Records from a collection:
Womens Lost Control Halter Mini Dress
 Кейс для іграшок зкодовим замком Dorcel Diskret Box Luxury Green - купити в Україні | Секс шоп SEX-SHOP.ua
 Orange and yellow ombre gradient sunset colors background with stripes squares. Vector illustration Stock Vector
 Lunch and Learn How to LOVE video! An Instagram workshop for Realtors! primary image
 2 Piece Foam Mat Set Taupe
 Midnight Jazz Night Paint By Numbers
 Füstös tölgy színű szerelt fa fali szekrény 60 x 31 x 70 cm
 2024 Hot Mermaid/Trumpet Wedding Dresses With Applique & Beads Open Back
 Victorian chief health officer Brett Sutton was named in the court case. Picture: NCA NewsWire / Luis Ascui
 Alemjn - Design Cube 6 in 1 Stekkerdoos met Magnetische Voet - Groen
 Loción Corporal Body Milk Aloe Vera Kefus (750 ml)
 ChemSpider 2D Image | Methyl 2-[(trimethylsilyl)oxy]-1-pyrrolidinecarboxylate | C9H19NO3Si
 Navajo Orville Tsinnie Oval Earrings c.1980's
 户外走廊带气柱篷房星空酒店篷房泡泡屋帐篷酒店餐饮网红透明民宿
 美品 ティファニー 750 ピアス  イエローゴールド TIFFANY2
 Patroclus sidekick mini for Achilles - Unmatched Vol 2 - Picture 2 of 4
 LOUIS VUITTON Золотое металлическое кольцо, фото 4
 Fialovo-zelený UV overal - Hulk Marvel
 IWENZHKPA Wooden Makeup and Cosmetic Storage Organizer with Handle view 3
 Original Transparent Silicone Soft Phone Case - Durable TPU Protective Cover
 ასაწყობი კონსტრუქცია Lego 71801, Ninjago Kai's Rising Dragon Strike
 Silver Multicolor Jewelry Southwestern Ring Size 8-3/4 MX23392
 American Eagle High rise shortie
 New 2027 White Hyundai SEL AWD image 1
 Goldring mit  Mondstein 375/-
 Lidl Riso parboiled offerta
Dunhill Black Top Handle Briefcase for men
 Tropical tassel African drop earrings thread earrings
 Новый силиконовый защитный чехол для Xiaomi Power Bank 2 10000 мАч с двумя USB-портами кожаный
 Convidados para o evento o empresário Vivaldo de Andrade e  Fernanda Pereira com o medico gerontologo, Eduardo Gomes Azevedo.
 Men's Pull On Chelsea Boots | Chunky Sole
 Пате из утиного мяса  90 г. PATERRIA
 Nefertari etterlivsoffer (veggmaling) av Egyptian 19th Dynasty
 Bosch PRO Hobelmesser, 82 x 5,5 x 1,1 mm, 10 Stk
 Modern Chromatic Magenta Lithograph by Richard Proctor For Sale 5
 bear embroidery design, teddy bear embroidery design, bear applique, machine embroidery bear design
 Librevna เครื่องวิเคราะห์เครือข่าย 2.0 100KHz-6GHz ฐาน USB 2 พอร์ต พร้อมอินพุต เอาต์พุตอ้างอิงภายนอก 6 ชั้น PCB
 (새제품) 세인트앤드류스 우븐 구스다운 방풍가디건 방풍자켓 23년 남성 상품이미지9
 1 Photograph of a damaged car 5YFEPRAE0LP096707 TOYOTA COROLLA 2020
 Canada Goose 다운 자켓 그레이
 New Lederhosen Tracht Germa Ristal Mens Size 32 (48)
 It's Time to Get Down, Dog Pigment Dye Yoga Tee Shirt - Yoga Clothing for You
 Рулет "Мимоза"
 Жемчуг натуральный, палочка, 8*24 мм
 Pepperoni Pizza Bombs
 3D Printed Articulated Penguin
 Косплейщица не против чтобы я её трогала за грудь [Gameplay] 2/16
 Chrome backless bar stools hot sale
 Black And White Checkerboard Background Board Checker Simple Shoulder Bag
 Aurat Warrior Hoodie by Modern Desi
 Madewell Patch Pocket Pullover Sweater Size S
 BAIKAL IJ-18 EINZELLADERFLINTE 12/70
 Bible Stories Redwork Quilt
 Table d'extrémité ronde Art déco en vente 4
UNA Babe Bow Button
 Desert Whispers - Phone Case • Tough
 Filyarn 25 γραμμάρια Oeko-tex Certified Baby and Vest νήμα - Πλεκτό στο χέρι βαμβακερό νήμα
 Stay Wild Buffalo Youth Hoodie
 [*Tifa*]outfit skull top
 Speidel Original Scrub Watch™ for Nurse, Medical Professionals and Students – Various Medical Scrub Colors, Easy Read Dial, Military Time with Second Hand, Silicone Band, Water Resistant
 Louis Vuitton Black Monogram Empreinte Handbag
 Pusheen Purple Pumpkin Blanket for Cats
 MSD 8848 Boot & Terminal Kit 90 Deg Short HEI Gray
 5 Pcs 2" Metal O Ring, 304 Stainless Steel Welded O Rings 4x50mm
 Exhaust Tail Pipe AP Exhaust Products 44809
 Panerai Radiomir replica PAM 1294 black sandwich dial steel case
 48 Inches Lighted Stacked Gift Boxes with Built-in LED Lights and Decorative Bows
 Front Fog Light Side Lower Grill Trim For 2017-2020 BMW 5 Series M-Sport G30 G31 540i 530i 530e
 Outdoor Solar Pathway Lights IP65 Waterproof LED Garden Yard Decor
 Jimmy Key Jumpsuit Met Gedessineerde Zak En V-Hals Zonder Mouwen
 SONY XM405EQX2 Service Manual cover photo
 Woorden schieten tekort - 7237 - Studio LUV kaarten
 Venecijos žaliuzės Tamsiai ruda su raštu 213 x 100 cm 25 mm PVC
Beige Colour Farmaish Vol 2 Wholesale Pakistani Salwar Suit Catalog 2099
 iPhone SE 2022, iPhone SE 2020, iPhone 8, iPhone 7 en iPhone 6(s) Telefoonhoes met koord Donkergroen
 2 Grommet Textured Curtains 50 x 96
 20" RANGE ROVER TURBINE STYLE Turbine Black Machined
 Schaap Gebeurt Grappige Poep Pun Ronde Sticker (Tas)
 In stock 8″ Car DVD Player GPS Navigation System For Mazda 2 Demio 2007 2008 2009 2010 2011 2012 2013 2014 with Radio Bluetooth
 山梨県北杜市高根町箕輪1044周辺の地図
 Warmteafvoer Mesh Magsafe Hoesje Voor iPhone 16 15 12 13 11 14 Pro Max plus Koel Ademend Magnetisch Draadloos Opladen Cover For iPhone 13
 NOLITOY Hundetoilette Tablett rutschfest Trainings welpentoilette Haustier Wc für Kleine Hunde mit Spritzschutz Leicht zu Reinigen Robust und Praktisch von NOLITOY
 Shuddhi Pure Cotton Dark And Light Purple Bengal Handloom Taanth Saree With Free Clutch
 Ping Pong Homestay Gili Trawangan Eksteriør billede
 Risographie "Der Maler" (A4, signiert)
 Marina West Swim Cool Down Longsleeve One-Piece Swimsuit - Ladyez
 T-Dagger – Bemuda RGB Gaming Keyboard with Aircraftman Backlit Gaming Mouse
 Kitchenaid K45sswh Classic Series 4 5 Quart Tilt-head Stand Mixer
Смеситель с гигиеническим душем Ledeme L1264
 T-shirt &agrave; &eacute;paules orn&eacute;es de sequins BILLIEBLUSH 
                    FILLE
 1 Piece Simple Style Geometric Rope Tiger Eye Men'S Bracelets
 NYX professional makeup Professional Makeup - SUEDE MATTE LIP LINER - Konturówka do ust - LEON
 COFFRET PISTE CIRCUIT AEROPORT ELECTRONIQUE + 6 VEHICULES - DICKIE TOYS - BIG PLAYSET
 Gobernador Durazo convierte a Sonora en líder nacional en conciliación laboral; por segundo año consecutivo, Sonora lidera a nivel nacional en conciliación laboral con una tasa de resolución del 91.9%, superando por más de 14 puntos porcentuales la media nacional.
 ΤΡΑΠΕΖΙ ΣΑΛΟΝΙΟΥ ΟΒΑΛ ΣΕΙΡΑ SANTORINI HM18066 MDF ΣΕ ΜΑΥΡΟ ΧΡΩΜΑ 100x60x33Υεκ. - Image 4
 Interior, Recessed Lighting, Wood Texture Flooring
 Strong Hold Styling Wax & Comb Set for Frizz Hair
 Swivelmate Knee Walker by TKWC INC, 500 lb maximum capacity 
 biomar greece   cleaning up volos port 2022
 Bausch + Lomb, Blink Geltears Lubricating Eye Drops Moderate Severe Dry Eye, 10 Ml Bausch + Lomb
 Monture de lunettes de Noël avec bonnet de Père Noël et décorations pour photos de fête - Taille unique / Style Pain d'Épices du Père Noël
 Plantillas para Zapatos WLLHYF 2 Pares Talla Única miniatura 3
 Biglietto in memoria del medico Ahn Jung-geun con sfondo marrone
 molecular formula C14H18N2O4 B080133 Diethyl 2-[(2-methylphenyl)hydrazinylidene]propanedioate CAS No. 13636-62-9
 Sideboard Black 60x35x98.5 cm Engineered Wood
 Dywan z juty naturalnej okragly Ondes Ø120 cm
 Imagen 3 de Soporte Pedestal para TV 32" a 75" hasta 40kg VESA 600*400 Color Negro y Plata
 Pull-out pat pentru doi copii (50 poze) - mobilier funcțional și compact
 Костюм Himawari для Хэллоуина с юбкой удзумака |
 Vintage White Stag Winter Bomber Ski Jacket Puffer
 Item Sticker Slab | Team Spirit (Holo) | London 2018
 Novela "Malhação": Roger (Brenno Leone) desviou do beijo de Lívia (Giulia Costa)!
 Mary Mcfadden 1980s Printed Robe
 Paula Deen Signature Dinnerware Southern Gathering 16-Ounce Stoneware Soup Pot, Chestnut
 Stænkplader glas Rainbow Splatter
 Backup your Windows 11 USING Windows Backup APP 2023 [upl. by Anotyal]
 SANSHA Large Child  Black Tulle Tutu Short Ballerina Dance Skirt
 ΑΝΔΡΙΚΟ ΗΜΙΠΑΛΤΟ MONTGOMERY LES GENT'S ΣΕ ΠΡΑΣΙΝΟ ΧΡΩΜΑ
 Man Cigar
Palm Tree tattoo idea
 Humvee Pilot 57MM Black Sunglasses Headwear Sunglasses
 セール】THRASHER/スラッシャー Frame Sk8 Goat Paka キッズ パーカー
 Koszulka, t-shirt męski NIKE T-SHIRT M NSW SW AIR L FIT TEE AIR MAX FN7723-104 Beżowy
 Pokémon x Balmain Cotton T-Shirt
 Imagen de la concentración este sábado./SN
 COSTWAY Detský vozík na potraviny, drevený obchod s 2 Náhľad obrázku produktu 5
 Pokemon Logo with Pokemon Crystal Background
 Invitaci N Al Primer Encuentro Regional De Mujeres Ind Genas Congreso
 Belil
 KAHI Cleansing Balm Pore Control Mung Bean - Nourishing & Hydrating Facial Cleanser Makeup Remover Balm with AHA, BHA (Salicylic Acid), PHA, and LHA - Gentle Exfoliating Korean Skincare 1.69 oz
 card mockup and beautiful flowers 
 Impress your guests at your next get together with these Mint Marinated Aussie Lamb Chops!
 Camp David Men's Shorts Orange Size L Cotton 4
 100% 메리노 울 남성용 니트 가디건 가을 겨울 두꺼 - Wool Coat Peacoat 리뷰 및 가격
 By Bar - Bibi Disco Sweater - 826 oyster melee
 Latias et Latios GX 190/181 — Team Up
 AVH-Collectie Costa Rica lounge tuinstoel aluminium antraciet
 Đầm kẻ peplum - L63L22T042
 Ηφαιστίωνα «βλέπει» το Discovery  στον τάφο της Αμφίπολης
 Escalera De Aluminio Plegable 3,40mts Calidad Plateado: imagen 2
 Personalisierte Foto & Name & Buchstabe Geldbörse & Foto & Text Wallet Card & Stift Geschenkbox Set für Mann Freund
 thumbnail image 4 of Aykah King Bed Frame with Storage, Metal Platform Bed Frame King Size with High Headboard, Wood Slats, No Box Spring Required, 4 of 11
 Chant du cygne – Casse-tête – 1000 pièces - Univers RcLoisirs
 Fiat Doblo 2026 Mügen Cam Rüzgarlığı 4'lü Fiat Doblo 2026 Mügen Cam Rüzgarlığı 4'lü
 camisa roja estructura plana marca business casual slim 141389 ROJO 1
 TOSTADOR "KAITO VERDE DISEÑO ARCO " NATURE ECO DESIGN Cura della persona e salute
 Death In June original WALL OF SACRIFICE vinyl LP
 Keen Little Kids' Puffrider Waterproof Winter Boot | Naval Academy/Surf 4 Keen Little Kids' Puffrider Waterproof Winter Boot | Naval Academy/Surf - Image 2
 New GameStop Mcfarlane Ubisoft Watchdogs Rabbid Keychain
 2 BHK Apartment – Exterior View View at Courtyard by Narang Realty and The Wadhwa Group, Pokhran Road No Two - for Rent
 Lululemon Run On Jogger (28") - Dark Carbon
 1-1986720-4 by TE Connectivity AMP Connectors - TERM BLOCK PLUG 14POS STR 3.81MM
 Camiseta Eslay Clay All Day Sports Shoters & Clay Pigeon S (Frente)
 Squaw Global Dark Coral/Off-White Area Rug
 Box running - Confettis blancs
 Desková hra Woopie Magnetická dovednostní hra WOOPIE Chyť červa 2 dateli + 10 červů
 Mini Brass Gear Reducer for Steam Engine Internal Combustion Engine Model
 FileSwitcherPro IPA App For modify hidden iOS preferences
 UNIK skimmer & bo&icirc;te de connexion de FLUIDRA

Requirement: In the records, which lines mention the word "Printed"? Copy those lines.

Answer to the problem:
 3D Printed Articulated Penguin
 Mary Mcfadden 1980s Printed Robe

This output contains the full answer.